DISCIPLINARY COUNSEL v. KAUP.
[Cite as Disciplinary Counsel v. Kaup, 102 Ohio St.3d 29, 2004-Ohio-1525.]
Judges -- Misconduct -- Six-month suspension with suspension stayed on
condition that no further Disciplinary Rule violations are committed
during the period -- Deceptive and misleading campaign literature used
in judicial campaign.
(No. 2003-1864 -- Submitted December 15, 2003 -- Decided April 14, 2004.)
ON CERTIFIED REPORT by the Board of Commissioners on Grievances and
Discipline of the Supreme Court, No. 03-017.
__________________

Per Curiam.
{¶1} On February 10, 2003, relator, Disciplinary Counsel, filed a two-
count complaint charging respondent, Gerhard "Gary" H. Kaup of Middletown,
Ohio, Attorney Registration No. 0011210, with several violations of the Code of
Judicial Conduct. The respondent answered, admitting some facts and disputing
others.
{¶2} On July 18, 2003, a panel of the Board of Commissioners on
Grievances and Discipline conducted a hearing. At the hearing, the parties agreed
to stipulations of facts and exhibits. Additionally, respondent testified before the
panel and offered an additional exhibit that was accepted into evidence.
{¶3} The stipulations and evidence established that respondent was
admitted to the practice of law in Ohio in October 1967. In 2002, respondent was
a candidate for a newly created judgeship in the Common Pleas Court of Butler
County, Ohio, and was a judicial candidate in the Republican primary election
held on May 7, 2002. Respondent decided to name his campaign committee the
"Neighborhood Protection Council for Gary Kaup," but the campaign committee

SUPREME COURT OF OHIO
was also referred to, at times, as the "Neighborhood Protection Council
Supporting Gary Kaup." The parties agreed that the Neighborhood Protection
Council was not a political action committee formed under Ohio or federal laws.
Respondent agreed that the council was not a corporation, a partnership, or any
entity other than simply his own campaign election committee.
{¶4} As a judicial candidate in the primary, respondent caused to be
published and distributed various forms of campaign literature to support his
candidacy.

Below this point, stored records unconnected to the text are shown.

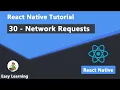 30 - Network Requests in React Native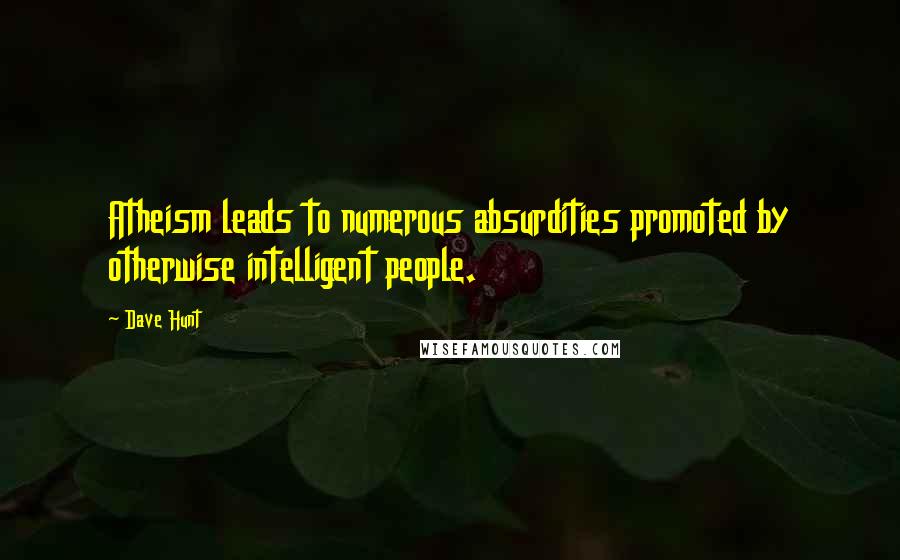 Dave Hunt Quotes: Atheism leads to numerous absurdities promoted by otherwise intelligent people.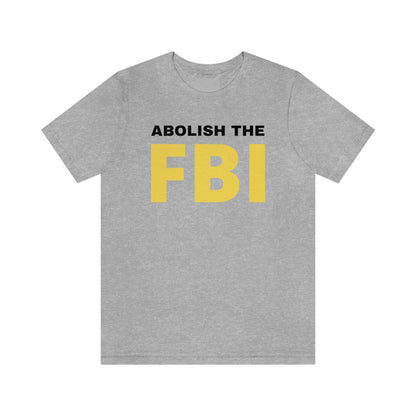 Abolish the FBI - Premium T-Shirt - Just $27! Shop now at Who Touched The Thermostat?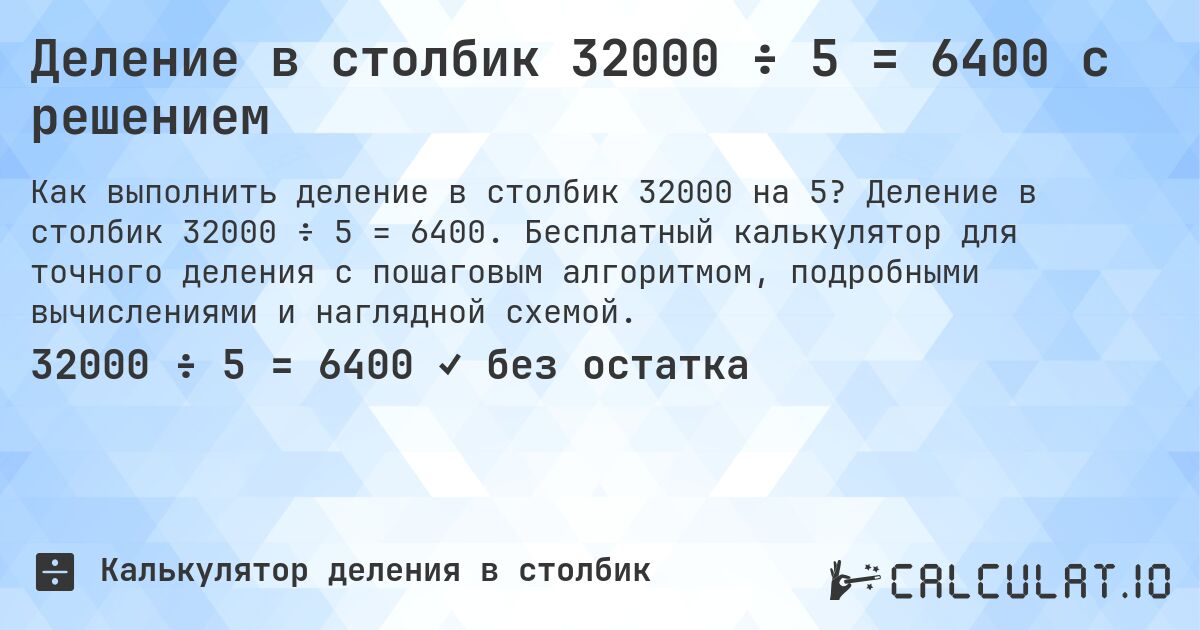 Деление в столбик 32000 ÷ 5 = 6400 с решением. Деление в столбик 32000 ÷ 5 = 6400. Бесплатный калькулятор для точного деления с пошаговым алгоритмом, подробными вычислениями и наглядной схемой.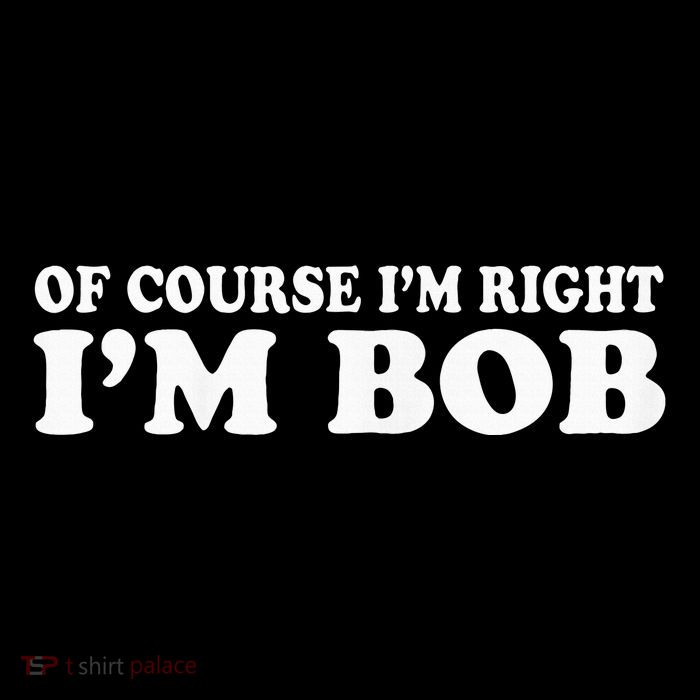 Bob Of Course IM Right IM Bob Funny Button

For example, respondent caused to be published and distributed
during the campaign a placard, seven inches by three inches, which included on
the front the words "Neighborhood Protection Council has endorsed Gary Kaup
for Judge." The back of the placard included the words "NEIGHBORHOOD
PROTECTION COUNCIL has endorsed Gary Kaup." A statement in very small
print declared that the advertisement was "Paid for by Neighborhood Protection
Council supporting Gary Kaup" and named one of its treasurers.
{¶5} Respondent also caused to be published and distributed a letter
addressed to "Fellow Republicans" under the letterhead "NEIGHBORHOOD
PROTECTION COUNCIL supporting Gary Kaup for Common Pleas Judge."

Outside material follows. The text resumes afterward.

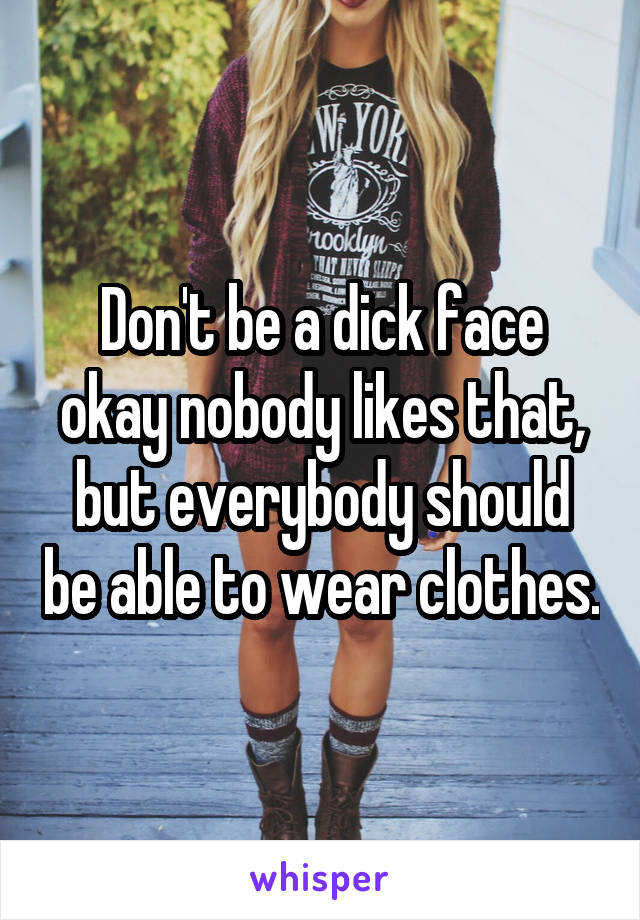 Don't be a dick face okay nobody likes that, but everybody should be able to wear clothes.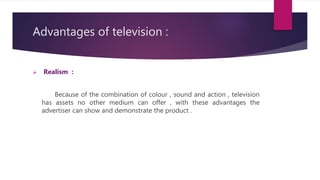 Advantages of television :
 Realism :
Because of the combination of colour , sound and action , television
has assets no other medium can offer , with these advantages the
advertiser can show and demonstrate the product .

The letter stressed Kaup's qualifications and attitudes on law and order, including
a statement referring to "police departments" and stating, "They need all of us to
help including the full support and backing from judges as well." That language
was followed by the statement, in bold and underlined print, "That's why the
Neighborhood Protection Council is endorsing Gary Kaup for the new
Common Pleas Judge position." The letter also stated, "Our Council has looked
over the Common Pleas Court candidates and only one has the Common Pleas
Court experience, the community volunteering record, the mature understanding
to know the importance of crime free neighborhoods to residents and their
children." On the reverse side, the letter twice noted that the "Neighborhood
Protection Council" had "endorsed" respondent. The letter also stated, "The
2

January Term, 2004
Neighborhood Protection Council urges you to vote Gary Kaup and help protect
Butler County Neighborhoods." The letter, at the very bottom, contained a
statement in very small print: "Paid for by Neighborhood Protection Council
Supporting Gary Kalp" and named a treasurer.

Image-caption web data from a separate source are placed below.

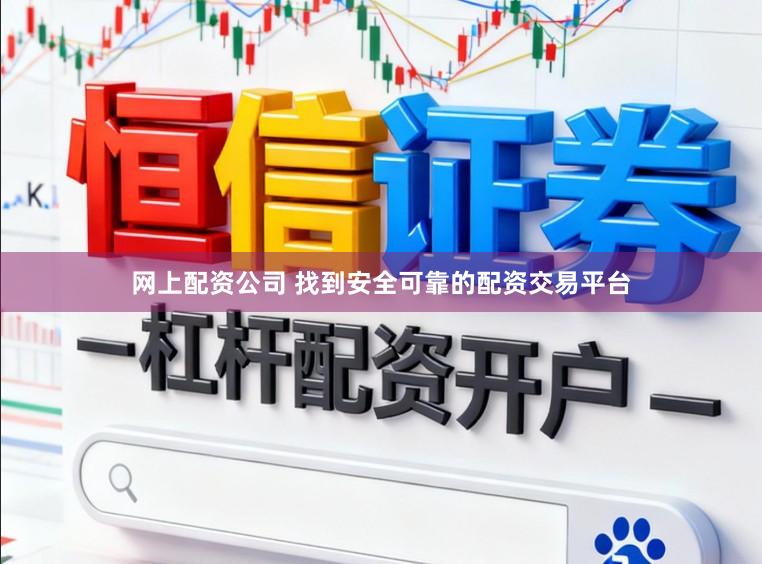网上配资公司 找到安全可靠的配资交易平台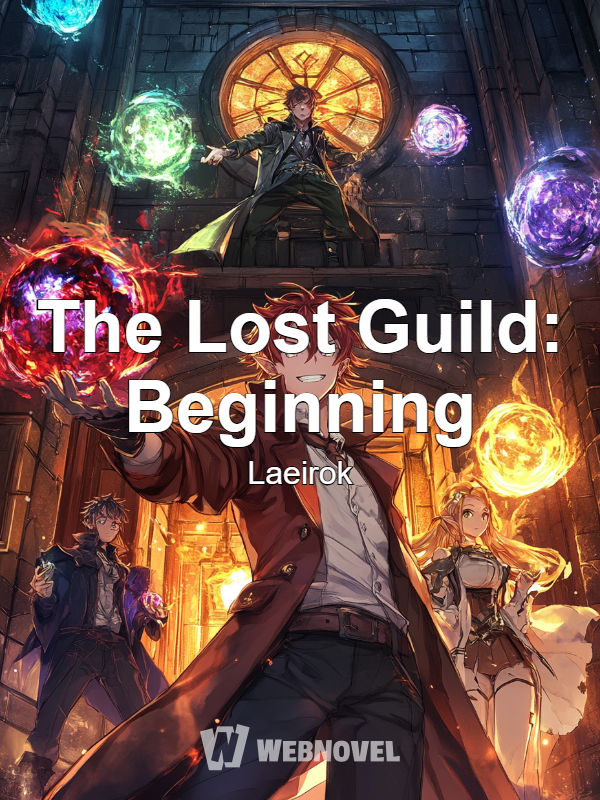 The Lost Guild: Beginning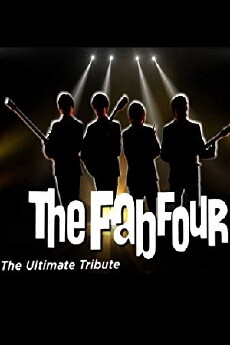 The Fab Four: The Ultimate Tribute (2012) - Stream Online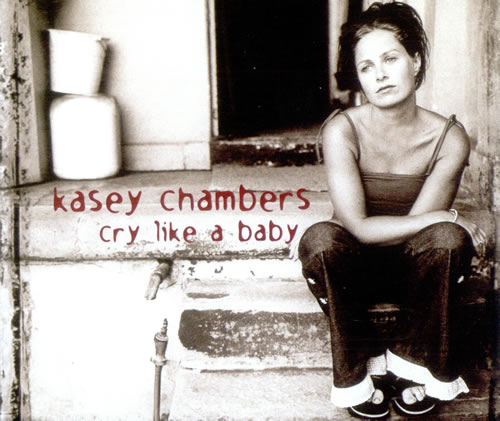 Kasey Chambers Cry Like A Baby CD single (CD5 / 5") UK KSCC5CR505574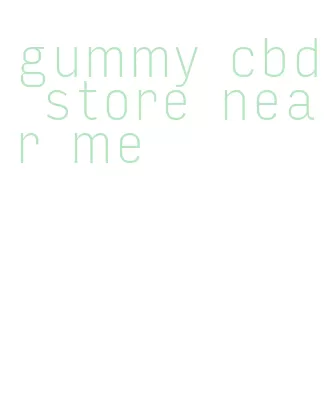 gummy cbd store near me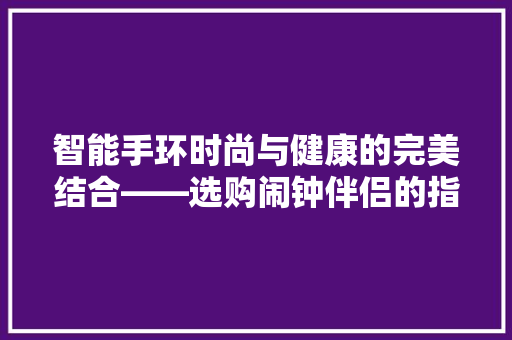 智能手环时尚与健康的完美结合——选购闹钟伴侣的指南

{¶2} The panel found that the placard and the letter were designed to
mislead voters into believing that an organization called the "Neighborhood
Protection Council" had endorsed and supported respondent's candidacy for
common pleas judge. As the panel noted, "[i]n reality, no entity called the
`Neighborhood Protection Council' ever existed. In fact, `Neighborhood
Protection Council' was actually a shortened version of the name of Respondent's
campaign committee, i.e., `Neighborhood Protection Council for Gary Kaup.' "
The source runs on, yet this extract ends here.